Lesson of the whole story, if you want a substrate with high CEC, don't use Eco or Flourite.


----------



## driftwoodhunter (Jul 1, 2011)

LOL - I had to laugh - I was going to respond by saying "after I read it twice..." and then you posted it twice : )

Thank you for the clear-cut explanation. I was thinking that baking the clay or brick is what created the high CEC - I though it had to do with porosity, not ions!
So, does clay with anions draw nutrients to itself, and it requires water within the clay to create the cation? Do I correctly understand that the clay needs both the anion and the water for the cation, resulting in a high CEC? Is this only naturally occuring, or is it man made/created?
What is a good CEC substrate?
Thanks for the lesson!


----------



## mistergreen (Dec 9, 2006)

yes, on any baked clay including bricks. The problem is crushed bricks and such will produce irregular sizes, sharp edge, and takes lots of work... It's a lot easier to buy.


----------



## Steve001 (Feb 26, 2011)

driftwoodhunter said:


> (vs. white clay or porcelain, because I've read the red clay is higher in iron, that's why it's red! lol)


Not true.


----------



## DarkCobra (Jun 22, 2004)

driftwoodhunter said:


> What makes the expensive packaged stuff so much better, or is it maketing?


Marketing it for a planted aquarium makes it expensive.
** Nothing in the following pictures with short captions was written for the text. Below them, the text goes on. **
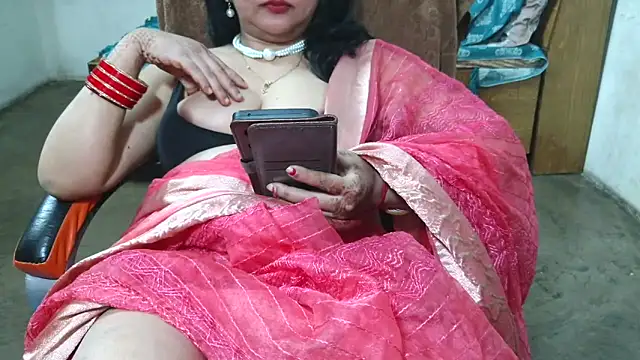 Cute_Mahi22's cam snapshot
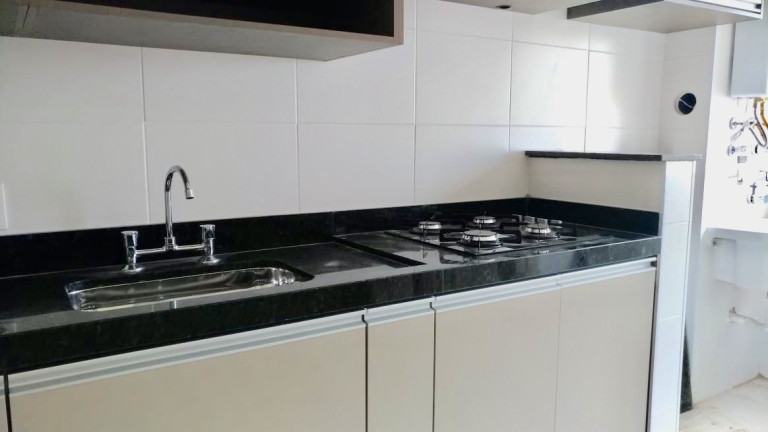 Imagem Apartamento com 2 Quartos para Alugar, 66 m² em Jardim Santo André - Limeira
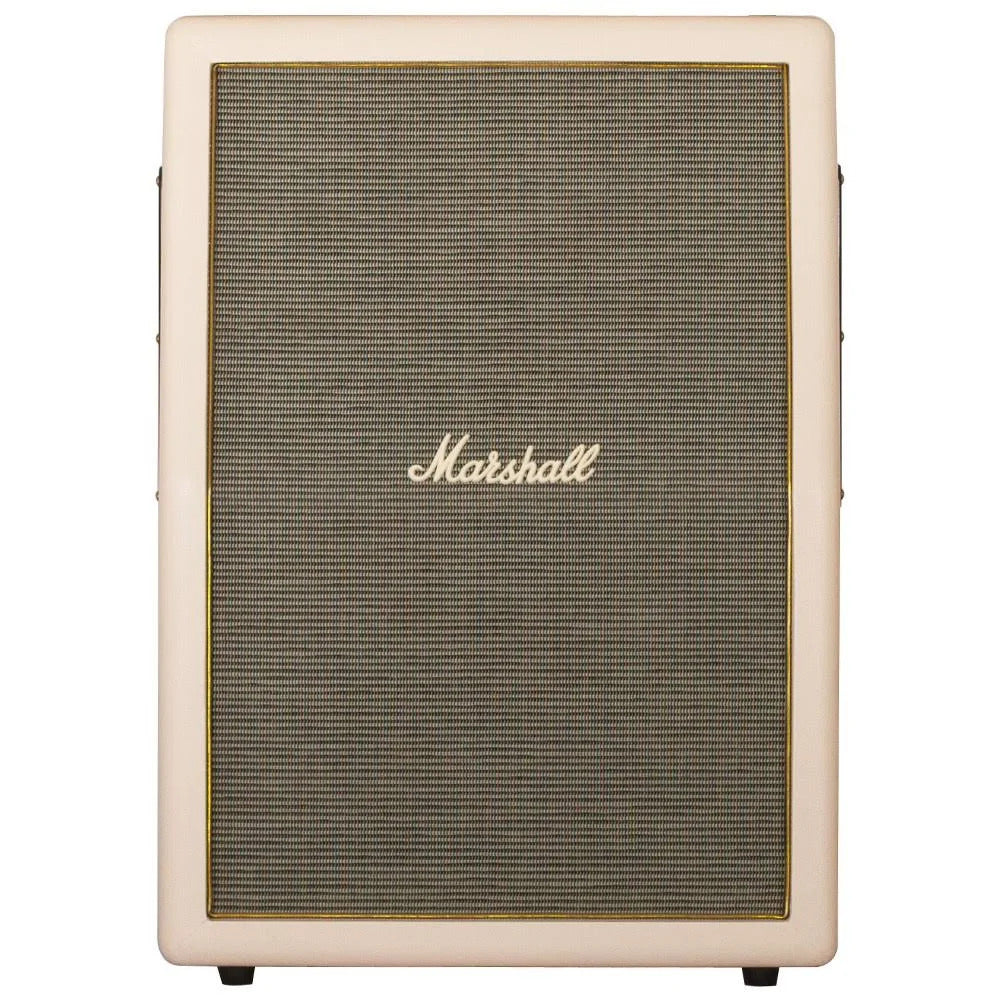 Marshall Origin 2 x 12" Guitar Cab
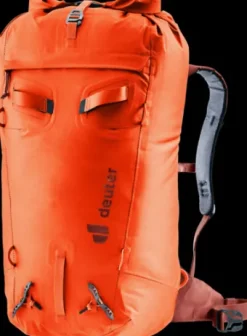 Deuter Durascent 28 SL papaya-redwood Best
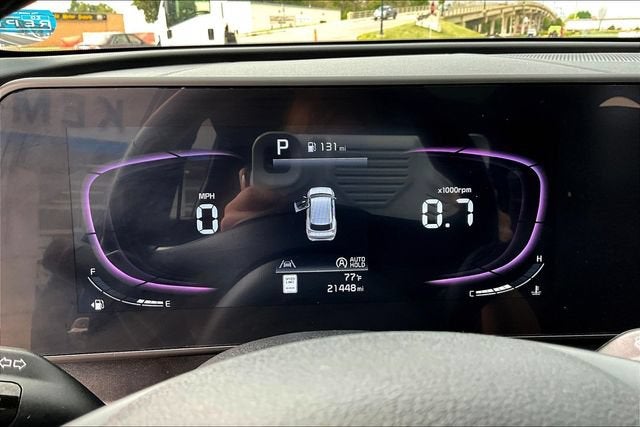 2023 Kia Sportage X-Line - Photo 13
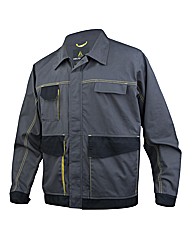 Delta Plus D-Mach Working Jacket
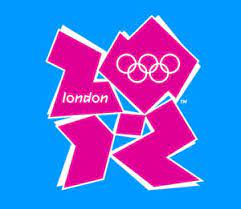 Jueves, 9 de agosto de 2012. Logotipo Olimpiadas Londres 2012 Ddsign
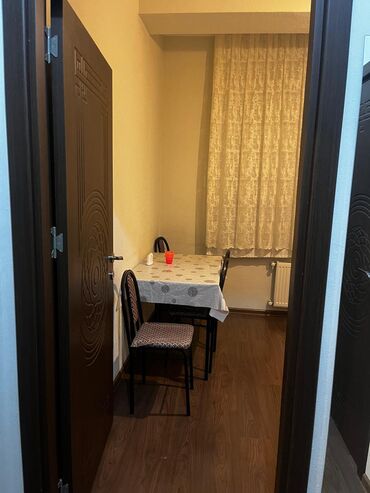 Uzunmüddətli kirayə mənzillər: Yasamal Mida Yasayis Kompleksinde 9/3 mertebesi 1 otag esyali menzil — 6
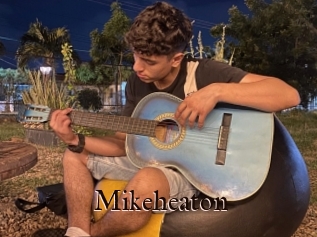 Mikeheaton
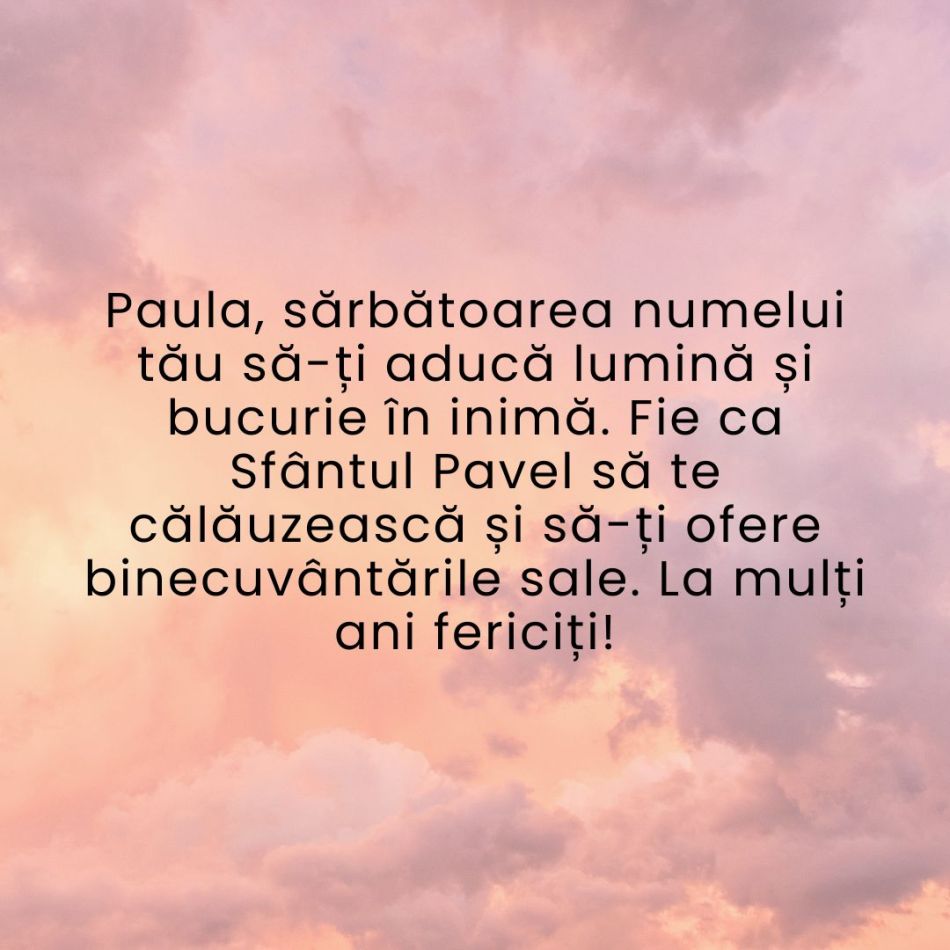 Sf. Petru și Pavel, 29 iunie: Acatist, obicieuri și mesaje de urări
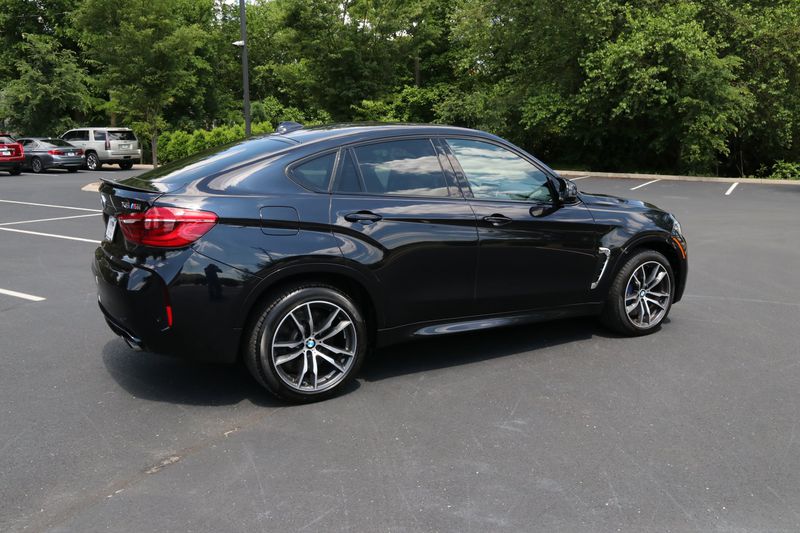 BMW X6 • 2019 • 95,700 km 3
Otherwise, it can be cheap.

For example, Turface Infield Conditioner is about $20 per 50lbs. Since it's light, it goes a long way per pound. It's also repackaged as Schultz Aquatic Plant Soil, and a PondCare product; both made for outdoor ponds and less expensive than aquarium substrates.

There are various other products too, like bonsai-grade expanded shale (Haydite). Also cheap if you can manage to find it locally and avoid shipping.

Both Turface and Haydite are fired to high temperatures to make them stronger, because they are expected to last for many years in their intended applications. So they will last many years in your aquarium too, without breaking down into mud and clouding the water. And they still have acceptable CEC.

I have grown plants in both Turface and the now-discontinued Soilmaster Select (SMS) with great success, including carpeting plants. Excellent growth and massive root networks compared to inert stone substrates.

While some softer (and shorter-lived) aquarium substrates have much higher CEC, or may release their own nutrients for a year or two, I don't believe this produces proportionally better results; and certainly isn't necessary. I'd rather have a substrate that will last, and provide consistent results for five years like my SMS has.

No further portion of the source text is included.